-- YOUR ASSIGNMENT --
Although the data holds pictures, return only the lines from the one containing "The Stars Are Our Only Warmth" to the end, exactly, and without them.

Captioned web image data:
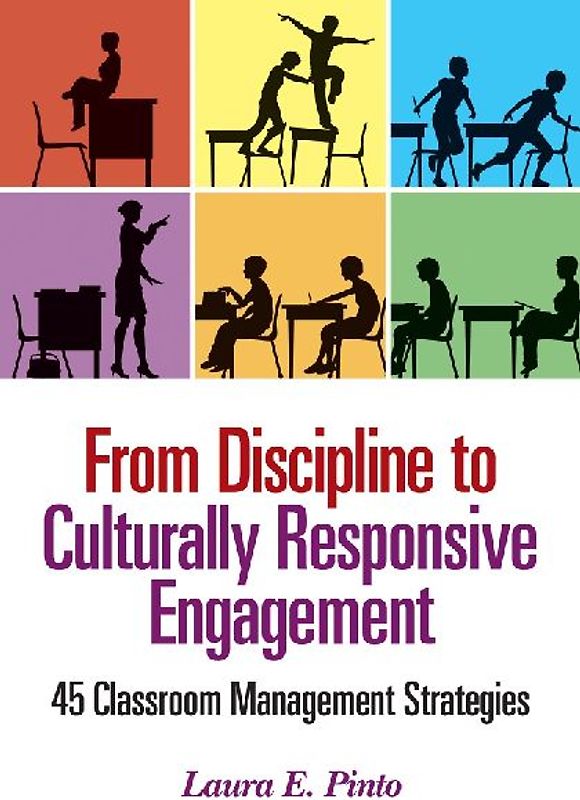 From Discipline to Culturally Responsive Engagement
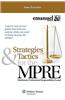 Strategies & Tactics for the MPRE: Multistate Professional Responsibility Exam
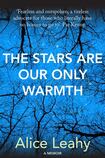 The Stars Are Our Only Warmth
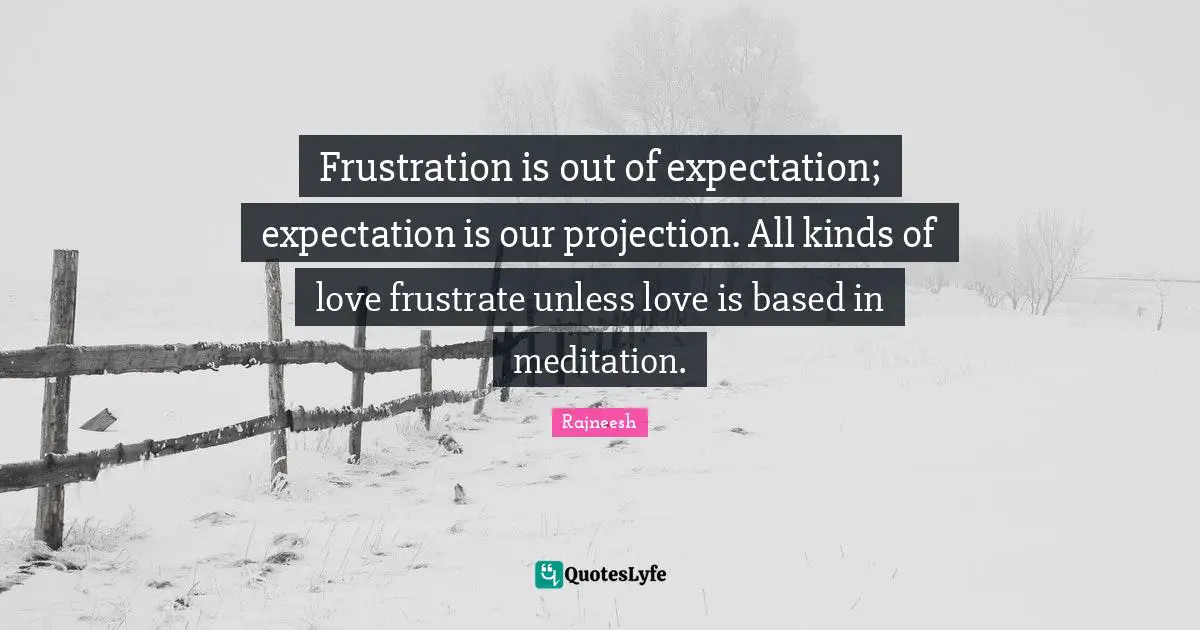 Frustration is out of expectation; expectation is our projection. All kinds of love frustrate unless love is based in meditation.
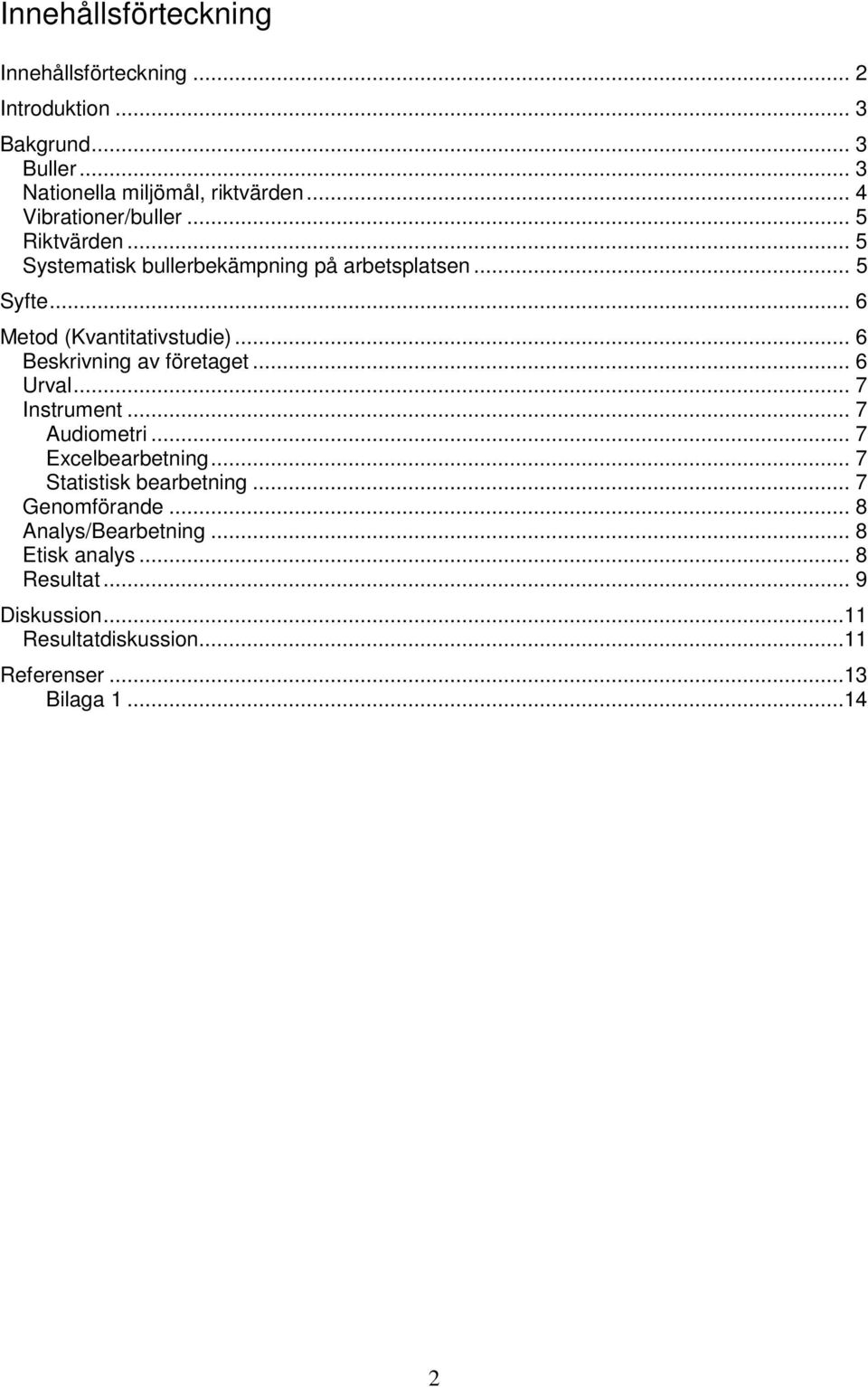 .. 6 Beskrivning av företaget... 6 Urval... 7 Instrument... 7 Audiometri... 7 Excelbearbetning... 7 Statistisk bearbetning.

-- ANSWER --
 The Stars Are Our Only Warmth
 Frustration is out of expectation; expectation is our projection. All kinds of love frustrate unless love is based in meditation.
 .. 6 Beskrivning av företaget... 6 Urval... 7 Instrument... 7 Audiometri... 7 Excelbearbetning... 7 Statistisk bearbetning.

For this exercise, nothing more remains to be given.